An aliquot (5 ml) of conditioned culture medium was taken, and the [⁵⁷Co]-CNCbl-TC fraction was purified by CM-Sephadex C-50, using a protocol published by Quadros et al. (57). Briefly, 2 g of dry resin were preswollen in equilibration buffer [0.02 M Na₂HPO₄ (pH 5.4); 0.1 M NaCl). The conditioned culture medium was added to the equilibrated resin and allowed to rock overnight at room temperature. The pH of the conditioned culture medium was adjusted to 5.4 before incubation with CM-Sephadex C-50. Unbound proteins were removed by sequential washes with 50 ml equilibration buffer, followed by 25 ml of wash buffer [0.02 M Na₂HPO₄ (pH 5.4); 0.1 M NaCl). Fractions of 5 ml were collected. Bound [⁵⁷Co]-CNCbl holo-TC was eluted with 25 ml 0.02 M Na₂HPO₄ (pH 5.8) and 1.0 M NaCl. Fractions of 2.5 ml were collected, and an aliquot of 0.1 ml was analyzed for radioactivity in a γ-spectrometer and at an absorbance of 280 nm. Under our experimental conditions, [⁵⁷Co]-CNCbl holo-TC eluted in the first 10 ml. Because the concentration of holo-TC in the conditioned culture medium was too low for direct assessment by absorbance at 280 nm, the presence of a radioactive peak eluting at the exact retention time of authentic, pure holo-TC permitted confirmation of results.

Fate of [¹²⁵I]-holo-TC upon uptake and transcellular transport by BAECs

Bovine recombinant apo-TC was iodinated ([¹²⁵I]) as described by Dan and Cutler (37), using the IODO Beads iodination reagent (Thermo Fisher Scientific, Waltham, MA, USA), which permits real-time monitoring of transport and turnover. [¹²⁵I]-holo-TC was produced by incubation of [¹²⁵I]-apo-TC with 1.2 M excess of CNCbl at 37°C, 3 h before the experiment. Transcytosis of [¹²⁵I]-holo-TC, [⁵⁷Co]-holo-TC, and free [⁵⁷Co]-CNCbl in parallel experiments was determined after 24 h. An aliquot of the conditioned culture medium in the bottom compartment (receiving chamber) was analyzed by spin filtration using Amicon spin filters (MW cutoff of 5000 Da), followed by counting of the filtrate and filter-retained (protein-bound) radioactivity in a γ-spectrometer. The protein-bound fraction containing the [¹²⁵I] tracer was concentrated and run on a native PAGE (Supplemental Fig. S5) and subjected to phosphorimager analysis to determine the MW of the [¹²⁵I]-protein species (Supplemental Fig. S6).

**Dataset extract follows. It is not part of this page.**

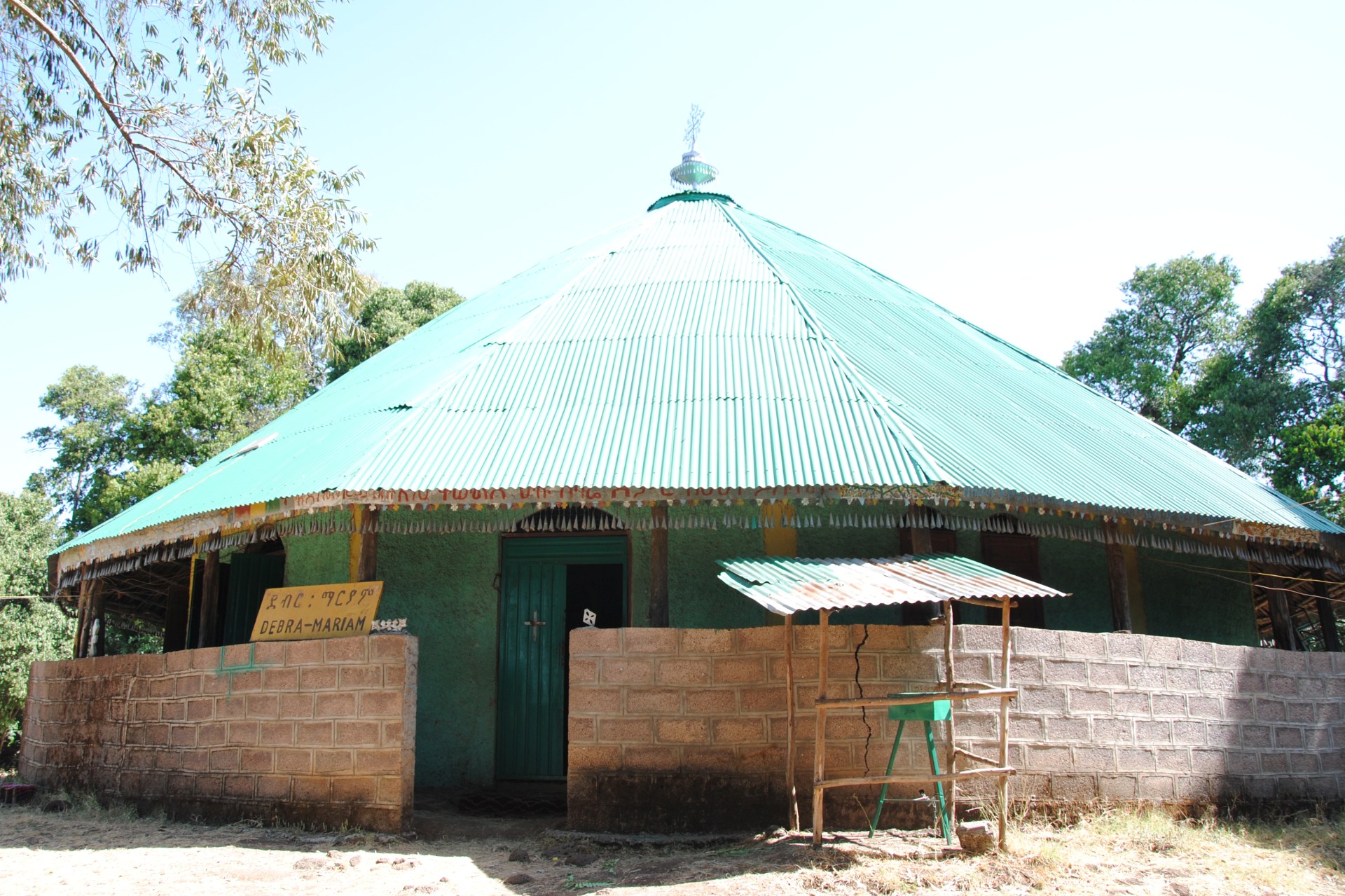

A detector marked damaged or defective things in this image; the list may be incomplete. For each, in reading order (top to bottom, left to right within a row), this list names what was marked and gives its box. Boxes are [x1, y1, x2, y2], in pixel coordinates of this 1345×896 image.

rusty metal sheet roof [715, 551, 1070, 613]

Identification of intracellular and transcytosed Cbl forms

Cells were grown for a total of 96 h in the presence of [⁵⁷Co]-CNCbl-TC, protected from light to prevent photodecomposition of newly made [⁵⁷Co]-MeCbl and [⁵⁷Co]-AdoCbl. A change of medium was performed at 48 h, using fresh medium containing [⁵⁷Co]-CNCbl-TC, prepared as previously described. Cbls were extracted from cells or from the conditioned culture medium and identified using our method previously published in Hannibal et al. (51).

Characterization of transcytosed Cbl forms (protein bound vs. free)

To determine whether Cbl exits the cells in its free form or bound to protein, cells were grown in transwells as previously described, and the [⁵⁷Co]-CNCbl-TC (source material) was added to the upper compartment. The bottom compartment consisted of culture medium with or without 1 μM CNCbl (unlabeled) incorporated to trap any apo-TC secreted by BAECs in culture. An aliquot (0.25 ml) of the conditioned culture medium in the receiving compartment was removed after 24 h and passed through a spin filter with a MW cutoff of 5000 Da. The filtrate represented the fraction containing “free Cbl” (or Cbl bound to low MW proteins/peptides), whereas the filter retains “protein-bound Cbl,” including holo-TC (46 kDa).

Competition experiments with apo-TC, holo-TC, and holo-IF

The specificity of the transcytosis pathway in endothelial cells was assessed through competition experiments with the Cbl transport proteins. The competitors used were apo-TC, CNCbl-TC (unlabeled), and CNCbl-IF (unlabeled). All competing proteins were added simultaneously in 48-fold excess, with respect to [⁵⁷Co]-CNCbl-TC. Transcytosis of [⁵⁷Co]-CNCbl-TC in the absence (control) or in the presence of the competitors was determined at 24, 43, and 67 h.

Blocking of holo-TC uptake and internalization in BAECs by a specific antibody against the human TCblR

Anti-TCblR mouse mAb [raised against the extracellular domain of the human TC receptor (15)] was used in these experiments. BAECs were grown in 6-well plates until ∼60% confluent. The conditioned culture medium was then replaced with fresh medium with or without 10 μg/ml of anti-TCblR antibodies. Cells were preincubated with the anti-TCblR antibody at 4°C for 1 h before the addition of [⁵⁷Co]-CNCbl-TC. Cell cultures were then transferred to regular culture conditions (37°C) and allowed to grow for 10 h.

Involvement of the proteolytic pathway in transcellular transport of holo-TC

A typical experiment was performed with [⁵⁷Co]-CNCbl-TC (110 pM). Cells were grown for 24 h in the presence of 200 μg/ml leupeptin (in both the transwell and the receiving chamber) or without the inhibitor (control). Exogenous [⁵⁷Co]-CNCbl-TC was eliminated by washing the cells 3 times with PBS. Transcellular transport of [⁵⁷Co]-CNCbl-TC was chased for 5 h in the presence or absence of leupeptin at 200 μg/ml, as previously described. The radioactivity measured in the receiving chamber represented the total Cbl that underwent transcellular transport, both by transcytosis and by exocytosis.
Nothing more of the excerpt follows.